--- Supplied material Enclosed Below ---

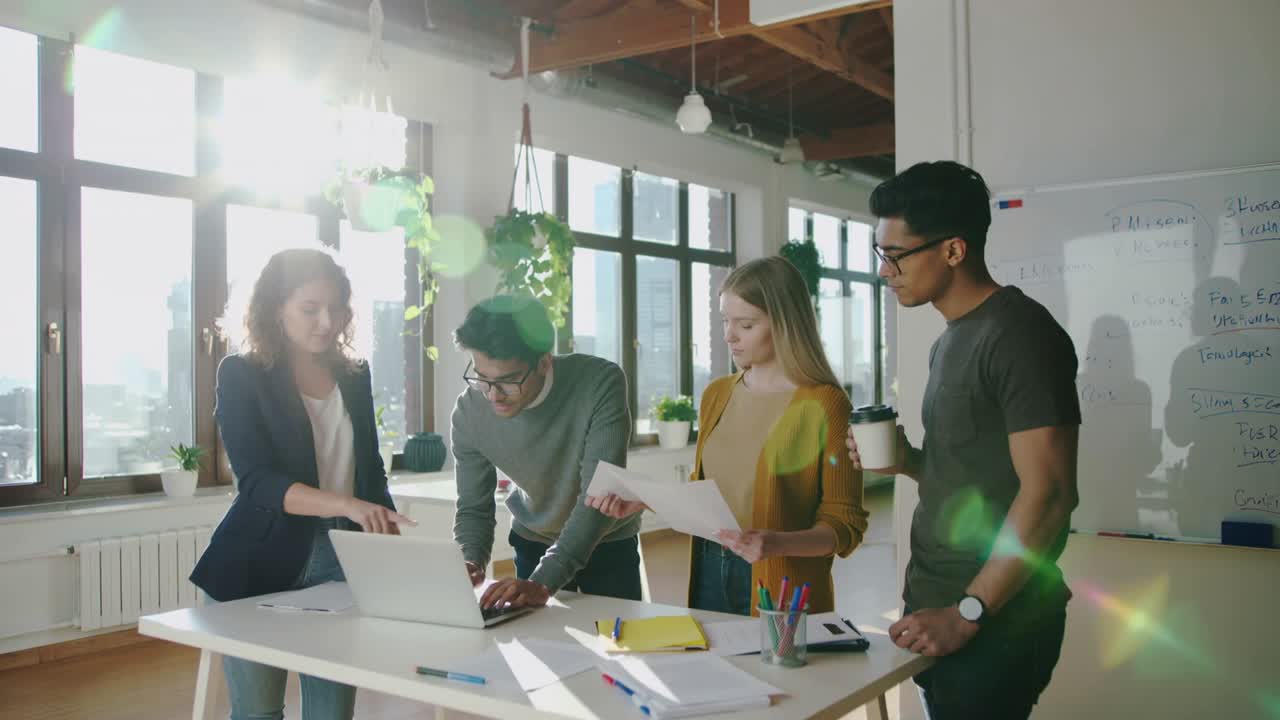 Pointing leader guiding typing peer on laptop in office business casual, working on project papers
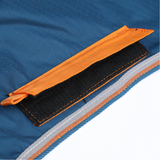 Close up of a velcro attachment in orange on a blue rug with a white background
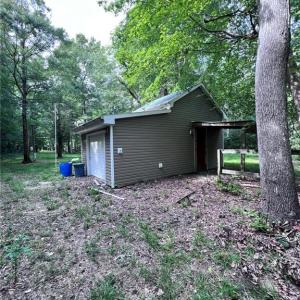 Storage shed with lean to for equipment.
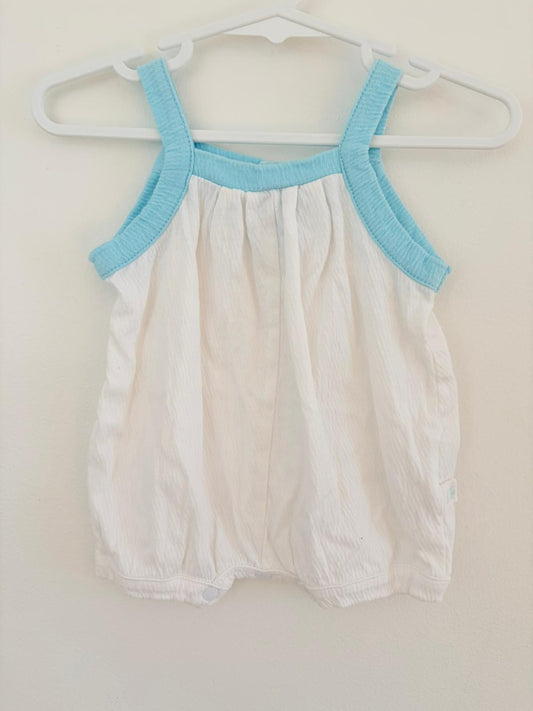 Newborn pumpkin patch white baggy romper with blue trim.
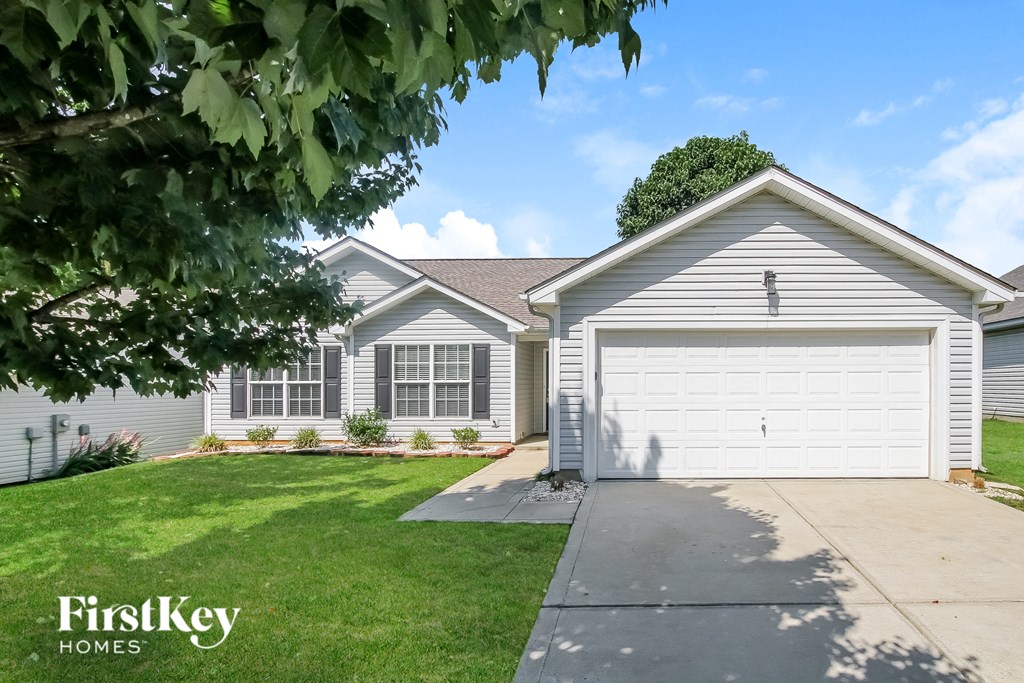 A house with a garage is for sale by FirstKey Homes.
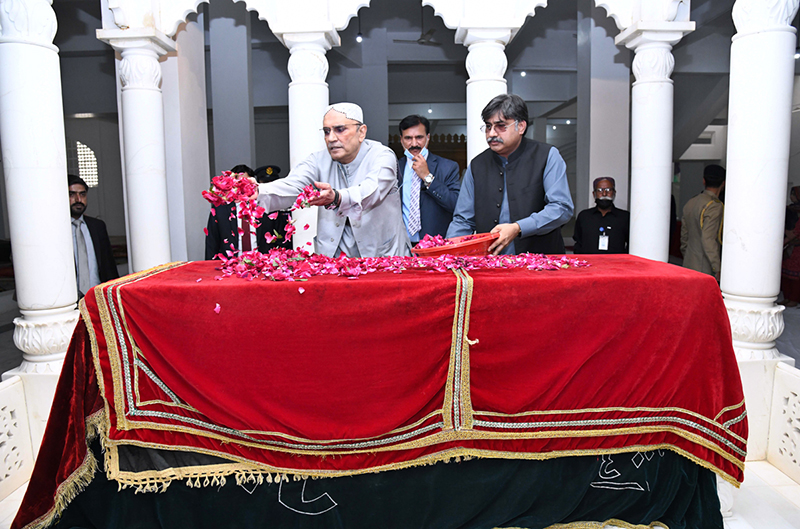 President Asif Ali Zardari showering flowers on the grave of Shaheed Mohtarma Benazir Bhutto at Garhi Khuda Bakhsh Bhutto.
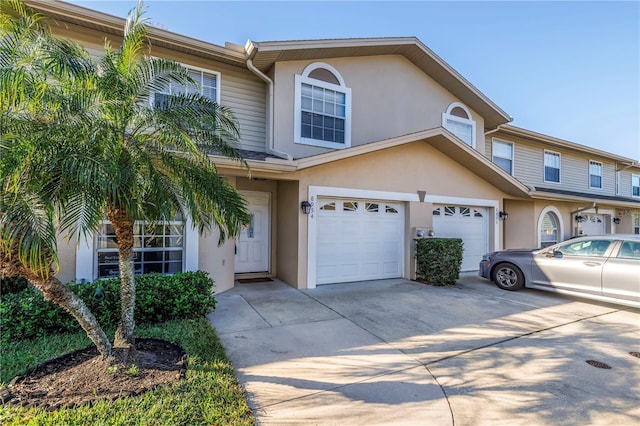 multi unit property with a garage, driveway, and stucco siding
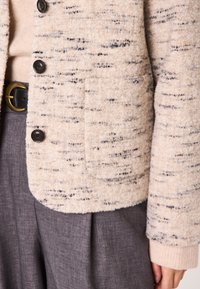 Veste beige texturée en tissu avec des éclats sombres, dotée d'une coupe carrée, de cinq boutons noirs et d'une poche à rabat sur le devant.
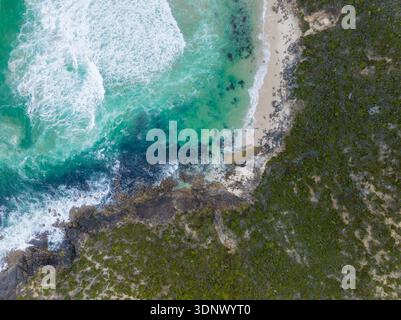 Prospettiva aerea dall'alto verso il basso che mostra le onde turchesi che si infrangono su una costa rocciosa, incontrando una piccola insenatura sabbiosa accanto alla fitta vegetazione costiera. Foto Stock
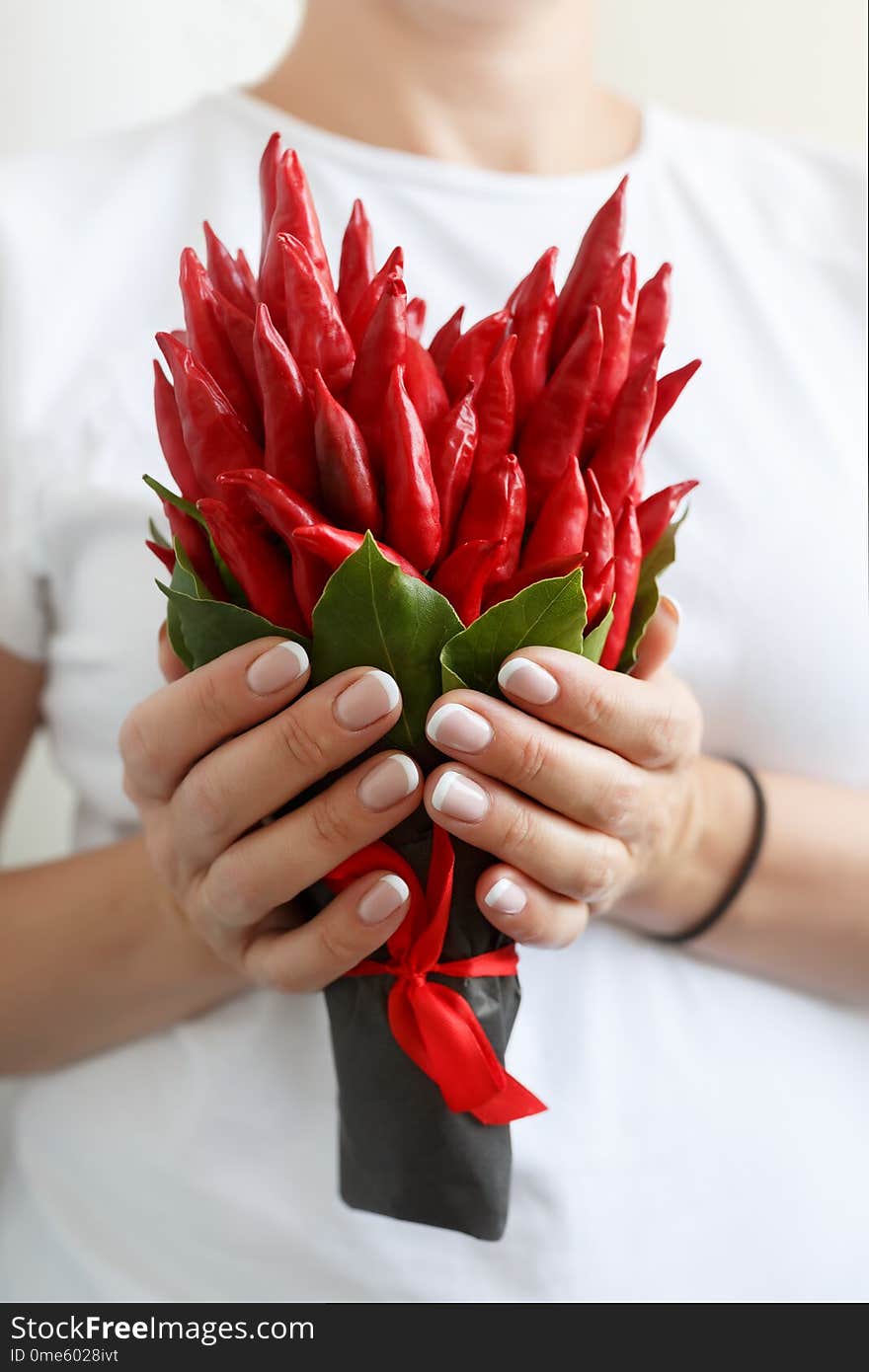 Woman is holding a small bouquet made of red hot peppers in the form of a heart.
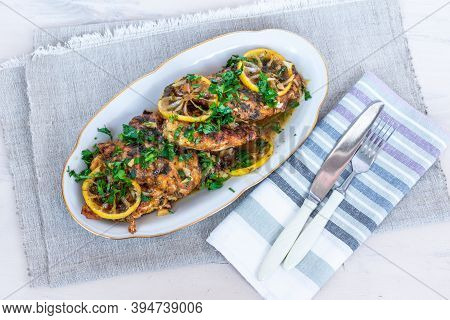 Chicken Francese, Italian-american Dish - Fried Chicken Breast In A Sauce Of Lemon Slices On A White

--- End of Enclosed Supplied material ---

Task brief —
For the entries above, print exactly the lines between the one with "Prospettiva aerea dall'alto" and the one with "Woman is holding", inclusive, with no pictures.

Reply —
 Prospettiva aerea dall'alto verso il basso che mostra le onde turchesi che si infrangono su una costa rocciosa, incontrando una piccola insenatura sabbiosa accanto alla fitta vegetazione costiera. Foto Stock
 Woman is holding a small bouquet made of red hot peppers in the form of a heart.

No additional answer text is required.